Task to complete:
Your answer must be an exact copy of all the entries.

Data excerpts:
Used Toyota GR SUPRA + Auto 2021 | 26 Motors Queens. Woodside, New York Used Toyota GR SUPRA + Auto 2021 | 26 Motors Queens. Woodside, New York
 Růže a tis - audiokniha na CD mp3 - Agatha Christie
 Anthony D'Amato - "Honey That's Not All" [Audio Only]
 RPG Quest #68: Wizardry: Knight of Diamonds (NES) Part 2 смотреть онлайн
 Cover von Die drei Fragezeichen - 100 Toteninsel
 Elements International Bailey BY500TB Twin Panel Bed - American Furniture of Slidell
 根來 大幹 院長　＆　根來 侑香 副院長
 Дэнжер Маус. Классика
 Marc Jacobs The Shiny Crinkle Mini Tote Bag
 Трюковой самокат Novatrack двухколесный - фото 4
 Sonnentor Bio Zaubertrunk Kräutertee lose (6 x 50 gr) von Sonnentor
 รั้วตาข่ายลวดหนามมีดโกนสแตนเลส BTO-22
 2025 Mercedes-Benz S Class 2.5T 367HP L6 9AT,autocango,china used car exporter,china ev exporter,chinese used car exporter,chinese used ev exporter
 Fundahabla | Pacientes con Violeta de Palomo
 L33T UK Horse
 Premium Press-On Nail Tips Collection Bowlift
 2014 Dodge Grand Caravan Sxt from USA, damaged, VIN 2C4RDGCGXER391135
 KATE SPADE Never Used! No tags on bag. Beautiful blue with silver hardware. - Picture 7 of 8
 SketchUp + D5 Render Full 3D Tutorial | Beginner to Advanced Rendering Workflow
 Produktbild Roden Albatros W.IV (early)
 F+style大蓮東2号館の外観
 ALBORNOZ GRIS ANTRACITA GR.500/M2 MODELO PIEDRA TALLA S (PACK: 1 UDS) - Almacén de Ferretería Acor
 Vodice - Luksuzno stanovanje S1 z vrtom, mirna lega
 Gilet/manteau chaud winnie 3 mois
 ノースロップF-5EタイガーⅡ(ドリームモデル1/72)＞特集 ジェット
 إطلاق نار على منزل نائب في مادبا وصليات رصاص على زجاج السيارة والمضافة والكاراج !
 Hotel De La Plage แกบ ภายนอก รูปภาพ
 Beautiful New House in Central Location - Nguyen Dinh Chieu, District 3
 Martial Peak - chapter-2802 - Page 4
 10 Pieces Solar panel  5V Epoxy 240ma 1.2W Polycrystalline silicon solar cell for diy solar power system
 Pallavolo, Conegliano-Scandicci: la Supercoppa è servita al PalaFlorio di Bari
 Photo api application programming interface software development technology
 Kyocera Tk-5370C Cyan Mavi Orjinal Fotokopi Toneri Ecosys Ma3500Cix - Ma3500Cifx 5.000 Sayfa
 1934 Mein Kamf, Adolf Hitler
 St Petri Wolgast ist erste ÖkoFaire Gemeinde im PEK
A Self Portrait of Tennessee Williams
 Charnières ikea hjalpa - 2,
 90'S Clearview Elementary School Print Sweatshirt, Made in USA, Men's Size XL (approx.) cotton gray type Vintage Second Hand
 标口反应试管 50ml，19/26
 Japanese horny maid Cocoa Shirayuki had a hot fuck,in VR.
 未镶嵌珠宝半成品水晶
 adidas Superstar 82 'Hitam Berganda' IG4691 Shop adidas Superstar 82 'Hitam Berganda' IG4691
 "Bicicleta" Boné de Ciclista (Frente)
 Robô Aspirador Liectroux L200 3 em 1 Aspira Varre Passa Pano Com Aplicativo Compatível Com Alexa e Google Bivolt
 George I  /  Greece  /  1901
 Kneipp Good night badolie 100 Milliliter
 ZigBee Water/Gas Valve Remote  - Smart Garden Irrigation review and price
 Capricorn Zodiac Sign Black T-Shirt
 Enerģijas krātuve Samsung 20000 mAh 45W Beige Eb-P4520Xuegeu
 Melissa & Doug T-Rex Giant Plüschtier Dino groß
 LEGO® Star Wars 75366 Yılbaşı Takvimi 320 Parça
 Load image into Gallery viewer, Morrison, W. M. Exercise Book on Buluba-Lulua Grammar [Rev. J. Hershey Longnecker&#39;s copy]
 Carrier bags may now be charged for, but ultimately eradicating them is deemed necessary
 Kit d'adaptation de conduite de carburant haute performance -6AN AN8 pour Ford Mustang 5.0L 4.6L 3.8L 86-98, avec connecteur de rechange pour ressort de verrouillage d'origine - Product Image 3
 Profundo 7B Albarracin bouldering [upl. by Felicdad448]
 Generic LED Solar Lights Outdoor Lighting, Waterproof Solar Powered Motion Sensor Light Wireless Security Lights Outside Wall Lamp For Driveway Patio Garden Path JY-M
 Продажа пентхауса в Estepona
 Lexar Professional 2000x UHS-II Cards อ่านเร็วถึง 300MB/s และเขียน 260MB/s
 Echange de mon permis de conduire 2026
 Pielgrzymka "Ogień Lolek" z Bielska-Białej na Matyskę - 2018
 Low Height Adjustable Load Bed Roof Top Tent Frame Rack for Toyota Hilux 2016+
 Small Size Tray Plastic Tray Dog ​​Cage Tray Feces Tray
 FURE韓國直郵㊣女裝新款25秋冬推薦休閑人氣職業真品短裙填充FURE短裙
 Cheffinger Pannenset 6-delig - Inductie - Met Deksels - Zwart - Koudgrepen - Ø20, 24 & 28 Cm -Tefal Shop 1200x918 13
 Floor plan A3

Exercise response:
Used Toyota GR SUPRA + Auto 2021 | 26 Motors Queens. Woodside, New York Used Toyota GR SUPRA + Auto 2021 | 26 Motors Queens. Woodside, New York
 Růže a tis - audiokniha na CD mp3 - Agatha Christie
 Anthony D'Amato - "Honey That's Not All" [Audio Only]
 RPG Quest #68: Wizardry: Knight of Diamonds (NES) Part 2 смотреть онлайн
 Cover von Die drei Fragezeichen - 100 Toteninsel
 Elements International Bailey BY500TB Twin Panel Bed - American Furniture of Slidell
 根來 大幹 院長　＆　根來 侑香 副院長
 Дэнжер Маус. Классика
 Marc Jacobs The Shiny Crinkle Mini Tote Bag
 Трюковой самокат Novatrack двухколесный - фото 4
 Sonnentor Bio Zaubertrunk Kräutertee lose (6 x 50 gr) von Sonnentor
 รั้วตาข่ายลวดหนามมีดโกนสแตนเลส BTO-22
 2025 Mercedes-Benz S Class 2.5T 367HP L6 9AT,autocango,china used car exporter,china ev exporter,chinese used car exporter,chinese used ev exporter
 Fundahabla | Pacientes con Violeta de Palomo
 L33T UK Horse
 Premium Press-On Nail Tips Collection Bowlift
 2014 Dodge Grand Caravan Sxt from USA, damaged, VIN 2C4RDGCGXER391135
 KATE SPADE Never Used! No tags on bag. Beautiful blue with silver hardware. - Picture 7 of 8
 SketchUp + D5 Render Full 3D Tutorial | Beginner to Advanced Rendering Workflow
 Produktbild Roden Albatros W.IV (early)
 F+style大蓮東2号館の外観
 ALBORNOZ GRIS ANTRACITA GR.500/M2 MODELO PIEDRA TALLA S (PACK: 1 UDS) - Almacén de Ferretería Acor
 Vodice - Luksuzno stanovanje S1 z vrtom, mirna lega
 Gilet/manteau chaud winnie 3 mois
 ノースロップF-5EタイガーⅡ(ドリームモデル1/72)＞特集 ジェット
 إطلاق نار على منزل نائب في مادبا وصليات رصاص على زجاج السيارة والمضافة والكاراج !
 Hotel De La Plage แกบ ภายนอก รูปภาพ
 Beautiful New House in Central Location - Nguyen Dinh Chieu, District 3
 Martial Peak - chapter-2802 - Page 4
 10 Pieces Solar panel  5V Epoxy 240ma 1.2W Polycrystalline silicon solar cell for diy solar power system
 Pallavolo, Conegliano-Scandicci: la Supercoppa è servita al PalaFlorio di Bari
 Photo api application programming interface software development technology
 Kyocera Tk-5370C Cyan Mavi Orjinal Fotokopi Toneri Ecosys Ma3500Cix - Ma3500Cifx 5.000 Sayfa
 1934 Mein Kamf, Adolf Hitler
 St Petri Wolgast ist erste ÖkoFaire Gemeinde im PEK
A Self Portrait of Tennessee Williams
 Charnières ikea hjalpa - 2,
 90'S Clearview Elementary School Print Sweatshirt, Made in USA, Men's Size XL (approx.) cotton gray type Vintage Second Hand
 标口反应试管 50ml，19/26
 Japanese horny maid Cocoa Shirayuki had a hot fuck,in VR.
 未镶嵌珠宝半成品水晶
 adidas Superstar 82 'Hitam Berganda' IG4691 Shop adidas Superstar 82 'Hitam Berganda' IG4691
 "Bicicleta" Boné de Ciclista (Frente)
 Robô Aspirador Liectroux L200 3 em 1 Aspira Varre Passa Pano Com Aplicativo Compatível Com Alexa e Google Bivolt
 George I  /  Greece  /  1901
 Kneipp Good night badolie 100 Milliliter
 ZigBee Water/Gas Valve Remote  - Smart Garden Irrigation review and price
 Capricorn Zodiac Sign Black T-Shirt
 Enerģijas krātuve Samsung 20000 mAh 45W Beige Eb-P4520Xuegeu
 Melissa & Doug T-Rex Giant Plüschtier Dino groß
 LEGO® Star Wars 75366 Yılbaşı Takvimi 320 Parça
 Load image into Gallery viewer, Morrison, W. M. Exercise Book on Buluba-Lulua Grammar [Rev. J. Hershey Longnecker&#39;s copy]
 Carrier bags may now be charged for, but ultimately eradicating them is deemed necessary
 Kit d'adaptation de conduite de carburant haute performance -6AN AN8 pour Ford Mustang 5.0L 4.6L 3.8L 86-98, avec connecteur de rechange pour ressort de verrouillage d'origine - Product Image 3
 Profundo 7B Albarracin bouldering [upl. by Felicdad448]
 Generic LED Solar Lights Outdoor Lighting, Waterproof Solar Powered Motion Sensor Light Wireless Security Lights Outside Wall Lamp For Driveway Patio Garden Path JY-M
 Продажа пентхауса в Estepona
 Lexar Professional 2000x UHS-II Cards อ่านเร็วถึง 300MB/s และเขียน 260MB/s
 Echange de mon permis de conduire 2026
 Pielgrzymka "Ogień Lolek" z Bielska-Białej na Matyskę - 2018
 Low Height Adjustable Load Bed Roof Top Tent Frame Rack for Toyota Hilux 2016+
 Small Size Tray Plastic Tray Dog ​​Cage Tray Feces Tray
 FURE韓國直郵㊣女裝新款25秋冬推薦休閑人氣職業真品短裙填充FURE短裙
 Cheffinger Pannenset 6-delig - Inductie - Met Deksels - Zwart - Koudgrepen - Ø20, 24 & 28 Cm -Tefal Shop 1200x918 13
 Floor plan A3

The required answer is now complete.